Equivariant Asynchronous Diffusion: An Adaptive Denoising Schedule for Accelerated Molecular Conformation Generation
Shanghai Academy of Artificial Intelligence for Science, SAIS | Artificial Intelligence Innovation and Incubation (AI3) Institute, Fudan University
30秒速读
IN SHORT: This paper addresses the core challenge of generating physically plausible 3D molecular structures by bridging the gap between autoregressive methods (which capture hierarchy but lack global context) and synchronous diffusion models (which offer global conditioning but ignore molecular causality).
核心创新
- Methodology Proposes Equivariant Asynchronous Diffusion (EAD), a novel framework that assigns independent noise levels to different atoms, enabling asynchronous denoising while maintaining SE(3)-equivariance through graph neural networks.
- Methodology Introduces a constrained independent sampling strategy during training (Algorithm 1) that reduces combinatorial complexity from O(T^M) to O((2C)^M), making asynchronous diffusion tractable.
- Methodology Develops a dynamic denoising schedule (Algorithm 2) that uses historical velocity states to adaptively prioritize which atoms to denoise, mimicking hierarchical molecular construction without imposing rigid causal chains.
主要结论
- EAD outperforms the synchronous denoising baseline EDM (using identical architecture and training iterations) across all metrics, achieving an 8% increase in molecular stability and a 3% improvement in validity.

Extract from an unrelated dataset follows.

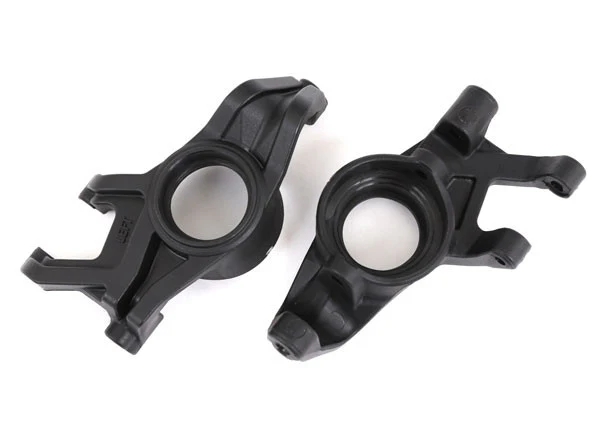 2 Fusees De Direction Gauche Et Droite Traxxas 7836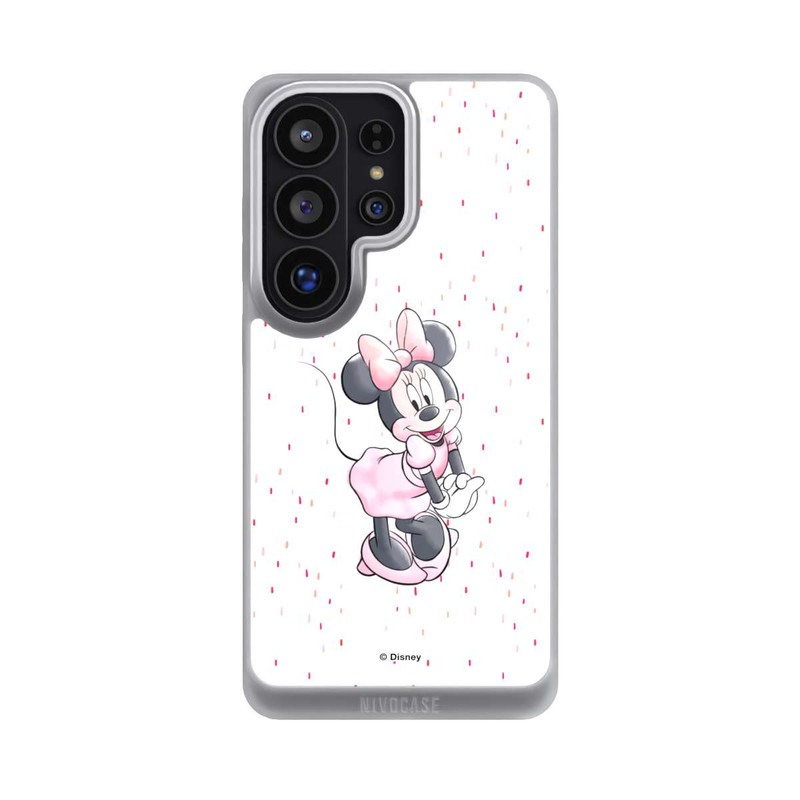 Galaxy S26 Ultra NIVOpure Minnie Watercolour Dots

- The framework demonstrates that traditional full-molecule diffusion models are special cases of EAD, and the method can be integrated into various diffusion architectures without retraining.
- Experimental validation shows EAD's ability to generate complete, valid molecules while effectively minimizing cumulative errors that plague autoregressive approaches.
摘要: Recent 3D molecular generation methods primarily use asynchronous auto-regressive or synchronous diffusion models. While auto-regressive models build molecules sequentially, they’re limited by a short horizon and a discrepancy between training and inference. Conversely, synchronous diffusion models denoise all atoms at once, offering a molecule-level horizon but failing to capture the causal relationships inherent in hierarchical molecular structures. We introduce Equivariant Asynchronous Diffusion (EAD) to overcome these limitations. EAD is a novel diffusion model that combines the strengths of both approaches: it uses an asynchronous denoising schedule to better capture molecular hierarchy while maintaining a molecule-level horizon. Since these relationships are often complex, we propose a dynamic scheduling mechanism to adaptively determine the denoising timestep. Experimental results show that EAD achieves state-of-the-art performance in 3D molecular generation.